As we’re often only reminded when something of major significance happens – the Internet is somewhat like the Wild West as regards rule and law. There are certainly black and white areas, though still 50 shades of grey too. Though it’s quite free, there are still a number of things to most definitely watch out for to ensure you avoid the legal ramifications.
Intellectual Property is a specific bug bear and there are significant problems associated with using other people’s content, whether that is images, content or video. The speed at which content and media can get out there is often astounding and using certain content without prior permission will often land you in trouble.
The simple way to avoid this is to seek permission from the person whose image, likeness, content or video you may be using. Most of the time they’ll be happy to oblige and it only takes a quick email.
When you are describing your product or your service always make sure it does what it says on the tin, but never add false descriptions to the tin.
Opinions are fine, but be aware of false advertising, unfair competition laws (paying for reviews, giving the review products or currying favour in some way). Ethically, it’s best to mention that you were given the item, or just not do it at all if you want to be respected when reviewing.
Producing content that untruthfully defames you competitors’ products or their services is a sure fire way to land yourself in trouble and it’s simply wrong. Make sure that all advantages or disadvantages you state about competitor’s products are truthful and accurate. If you do make claims, keep information and proof to back it up, or otherwise you could be at the very end of a court visit.
Social Media Sites
Twitter and Facebook provide a number of rules regarding posting, competitions and advertising and breaching them can mean your account is removed. For a company with thousands of fans or follows, this could be disastrous.

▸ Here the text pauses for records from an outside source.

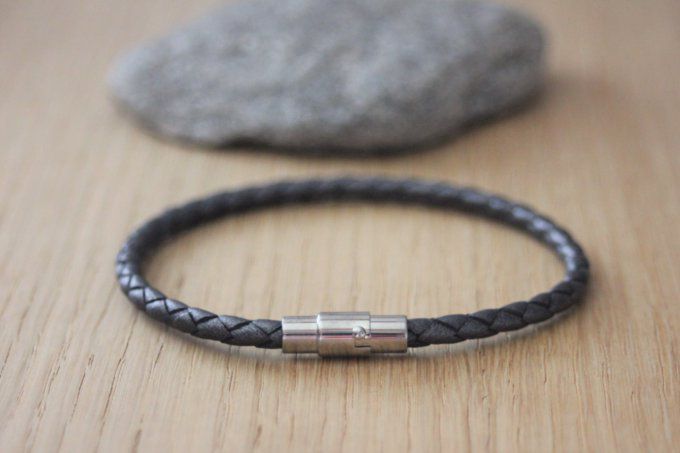 Bracelet en cuir gris tressé fermoir acier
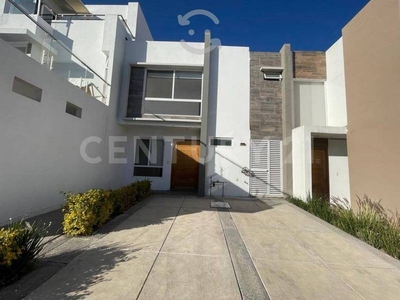 RENTA DE CASA EN LOMAS DE ANGELOPOLIS, SAN ANDR...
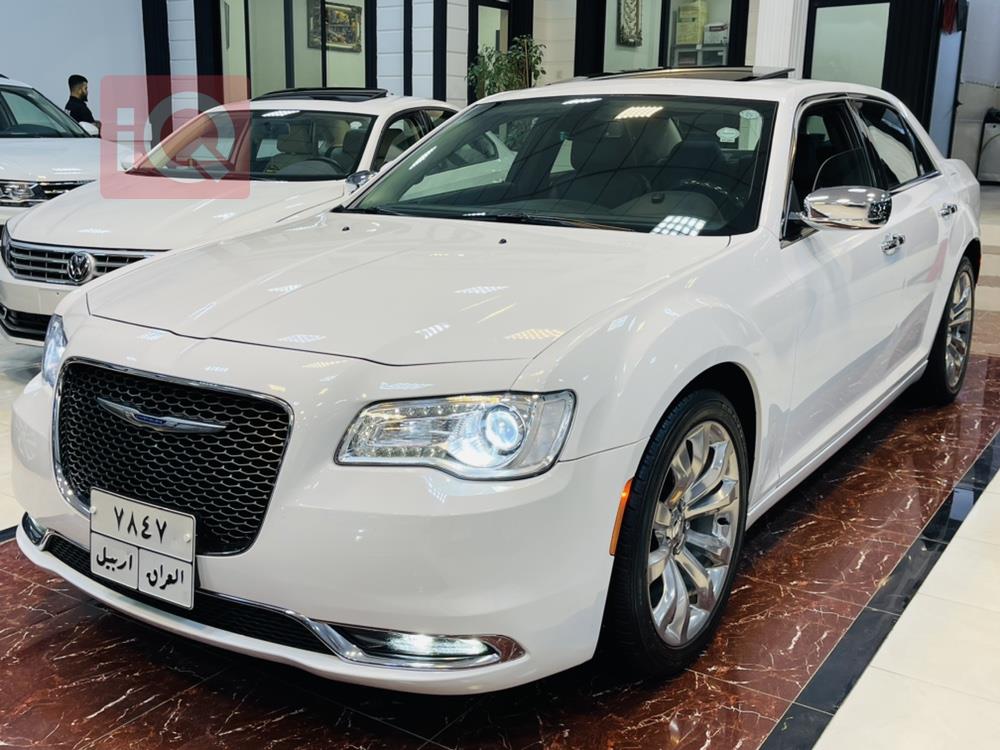 كرايسلر 300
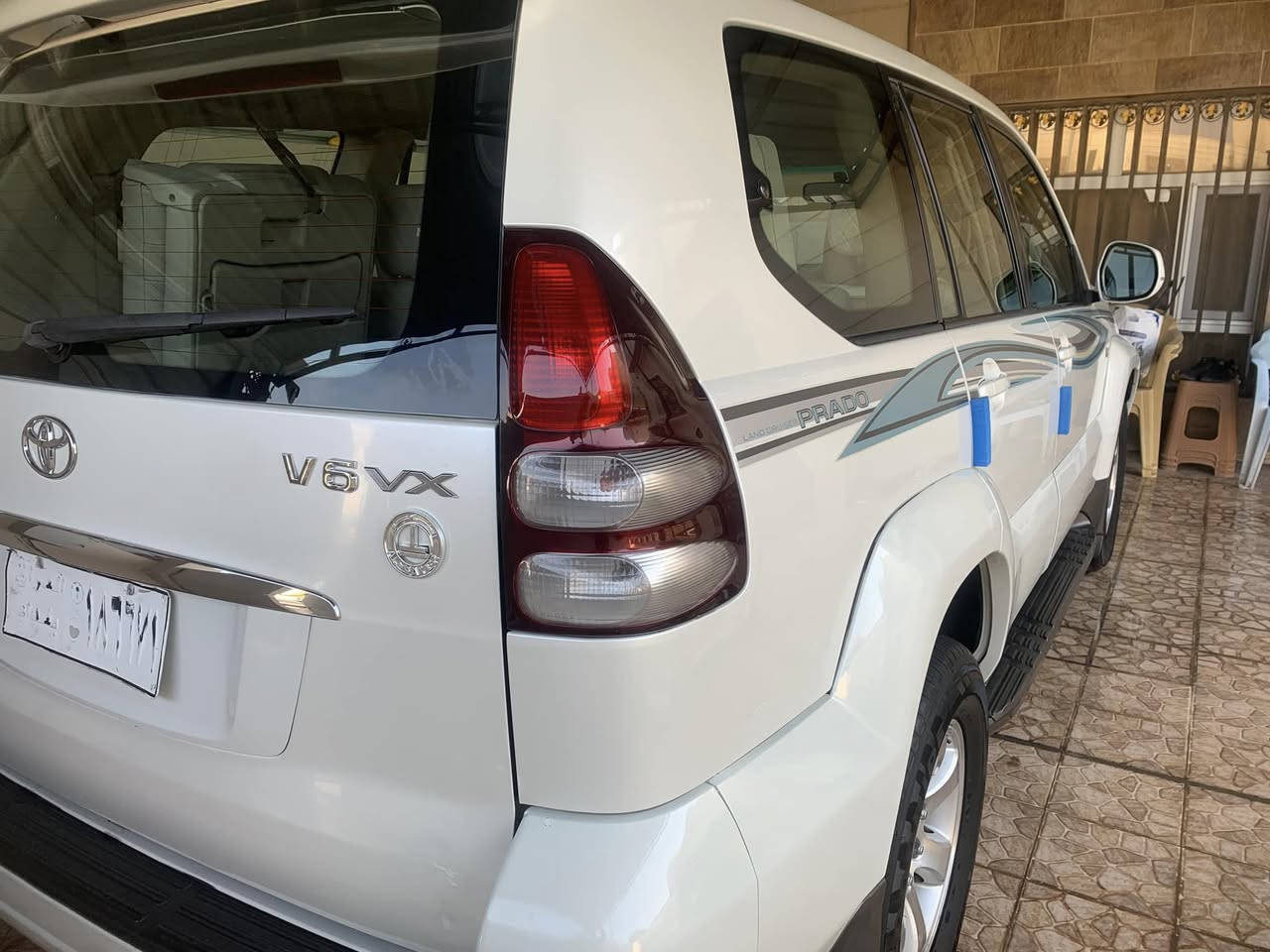 برادو موديل 2009 كويتي محرك 6 سلندر VX
رقم بغداد 
فور ويل 7 راكب فتحة 
سيارة جديدة بمعنى الكلمة
كفالة عامة 
بيها شبر بالبنيد وشبر بالباب الخلفي بسيط
مكان السيارة تكريت 
للاستفسار ***********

Do also note that the terms and conditions regularly change and so you can even be caught out if you don’t keep up. Don’t lose the privilege of social media by flagrant breaching of the rules – or worse – carelessness.
Be aware of who owns the social media account. Recently in the US there have been numerous court battles between employees and companies over who owns an account and the right to posting and followers. Many users set up accounts in their name and then use the company brand and this can pose potential issues.
There has been no exact decision on who would own account ownership in such as case, but it might be best to protect your social media accounts in your social media terms and conditions, or employment handbook/rules. You should always ensure that to protect from disparagement from former employees here, as this can be something of a disaster if it happens.
Use all of the above to promote your business, but be aware of where the line lies – it can make all the difference in the long term.